La citotoxicidad celular dependiente de superantígeno (SDCC) de C215Fab-SEA y de C215Fab-SEE frente a las células Raji de MHC de clase II^{+} se analizó empleando células T humanas reactivas a SEA y SEE como líneas celulares efectoras. A pesar de la diferencia en especificidad V\beta entre SEA y SEE ambos superantígenos mostraron una inducción de nivel similar de la citotoxicidad con ambas líneas celulares efectoras (Fig. 1). Para discriminar entre los efectos de la presentación del MHC de clase II y los efectos directos de SEA y SEE en el reconocimiento del TCR, se examinaron en cuanto a la citotoxicidad celular dependiente del superantígeno-anticuerpo (SADCC) frente a las células Colo205 que expresan C215. En este ensayo, el resto Fab dirige la proteína de fusión hacia las células diana que expresan C215 y da como resultado la presentación de moléculas SE de fusión a las células T citotóxicas (CTL) independientes de las moléculas de MHC de clase II (Dohlstein et al., 1994).

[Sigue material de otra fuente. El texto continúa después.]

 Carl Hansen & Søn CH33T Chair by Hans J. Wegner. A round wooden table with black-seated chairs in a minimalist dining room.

A pesar de que la identidad en la secuencia de aminoácidos entre SEA y SEE > 80%, la interacción TCR de SEA y SEE exhibe diferencias cualitativas en este tipo de ensayo. La proteína de fusión C215Fab-SEA retiene su capacidad para dirigir los CTL reactivos de SEA y SEE frente a las células diana de MHC de clase II^{-} (Fig. 1), mientras que C215Fab-SEE no induce la citotoxicidad de las células diana del MHC de clase II^{-}, ni con CTL reactivos a SEA ni a SEE (Fig. 1).

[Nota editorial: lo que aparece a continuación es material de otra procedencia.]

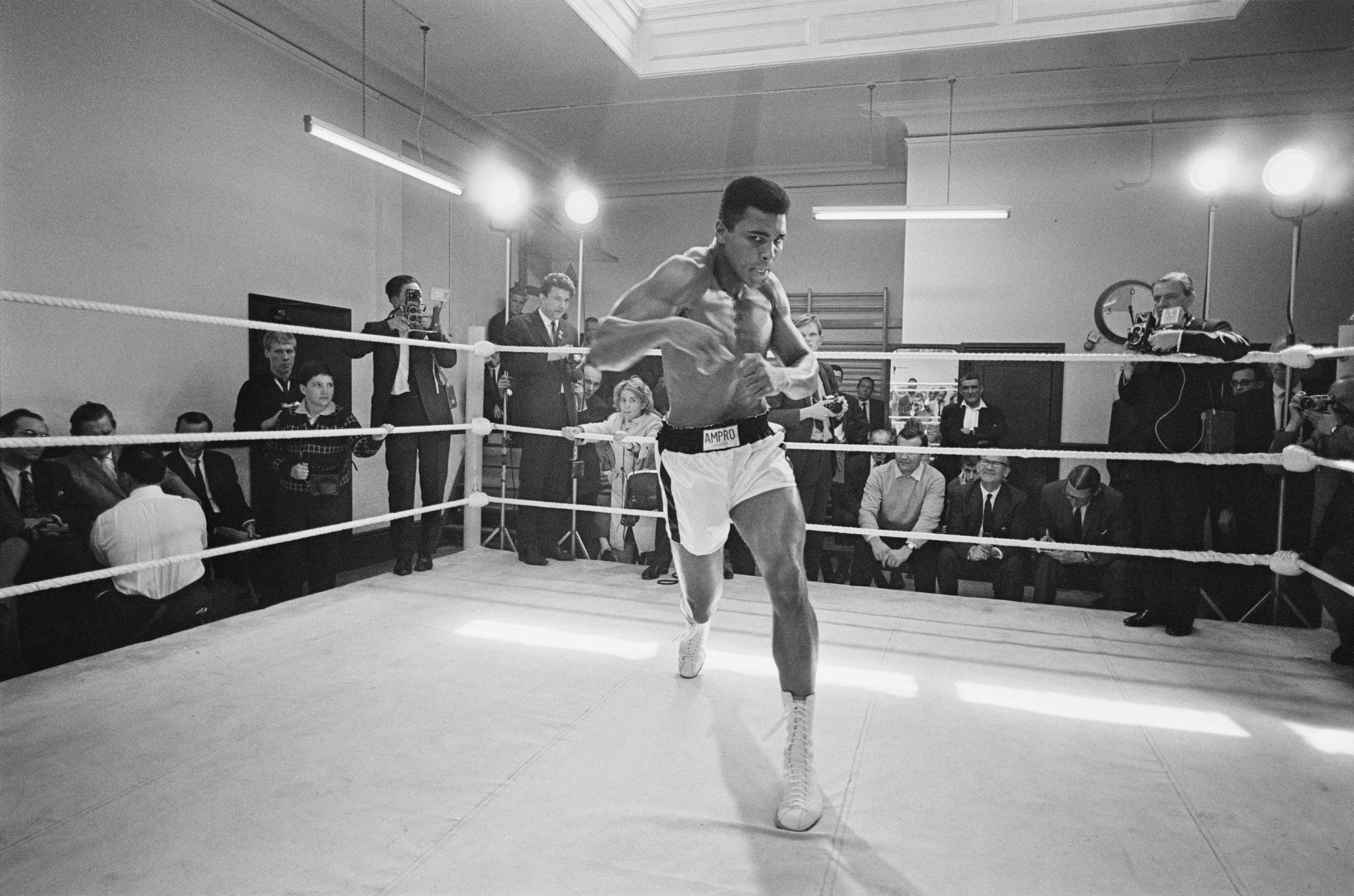 Ali In Training by Russell McPhedran/Getty Images, 1966. American heavyweight boxer Muhammad Ali throws bare-handed punches in the ring while in training for his fight against Brian London, London, England. Open Edition Resin Photographic Print. Landscape orientation. Available at Electric Gallery, London, UK.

Se ha descrito previamente por otros investigadores que las diferencias en especificidad V\beta entre SEA y SEE se refieren principalmente a la diferencia en tres aminoácidos en el lazo precedente y en la hélice irregular a5 (Irwin et al., 1992, Hudson et al., 1993, Fraser et al., 1993 y Mollick et al., 1993). La diferencia con respecto a la interacción TCR descrita en esta investigación no está relacionada con una especificidad V\beta de TCR alterada, dado que la capacidad de C215Fab-SEA para inducir la citotoxicidad independiente de MHC de clase II no está restringida al CTL reactivo a SEA, sino que también se observa con el CTL reactivo a SEE.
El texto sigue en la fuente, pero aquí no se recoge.